Russell S. Babcock, under appointment by the Court of Appeal, for Defendant and Appellant. Rob Bonta, Attorney General, Lance E. Winters, Chief Assistant Attorney General, Charles C. Ragland, Assistant Attorney General, Collette C. Cavalier and James Spradley, Deputy Attorneys General, for Plaintiff and Respondent.
NOT TO BE PUBLISHED
APPEAL from the Superior Court of San Bernardino County. No. FWV22002820, Katrina West, Judge. Affirmed.
Russell S. Babcock, under appointment by the Court of Appeal, for Defendant and Appellant.
Rob Bonta, Attorney General, Lance E. Winters, Chief Assistant Attorney General, Charles C. Ragland, Assistant Attorney General, Collette C. Cavalier and James Spradley, Deputy Attorneys General, for Plaintiff and Respondent.
OPINION
RAPHAEL J.
A jury acquitted defendant and appellant Christian Mark Schneider of a felony count of making criminal threats (Pen. Code, § 422 (count 1)). It convicted him of a second count of the same offense, committed against the same victim but on a different day and charged as a misdemeanor (count 2). Schneider argues his conviction is not supported by substantial evidence. We affirm.

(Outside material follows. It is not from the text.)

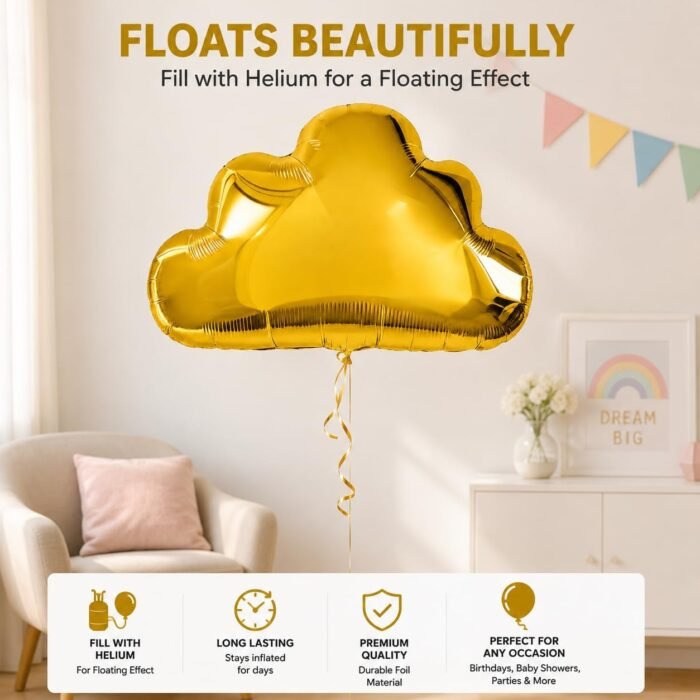 Gold Cloud Foil Balloon 28 x 20 Inch (72 x 51 cm), - Image 3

Undesignated statutory references are to the Penal Code.
FACTS
According to the prosecution, Schneider twice criminally threatened the same mall security guard. The first incident, on August 8, 2022, was charged in count 2 as a misdemeanor, while the second, on August 13, 2022, was charged in count 1 as a felony. The jury acquitted Schneider of count 1, however, so we will focus our discussion on count 2.
"Multiple times" in the 10 days before August 8, 2022, the security guard had asked Schneider to leave the mall property. The security guard testified those previous encounters were "negative experiences," as Schneider did not respond well to the security guard's requests.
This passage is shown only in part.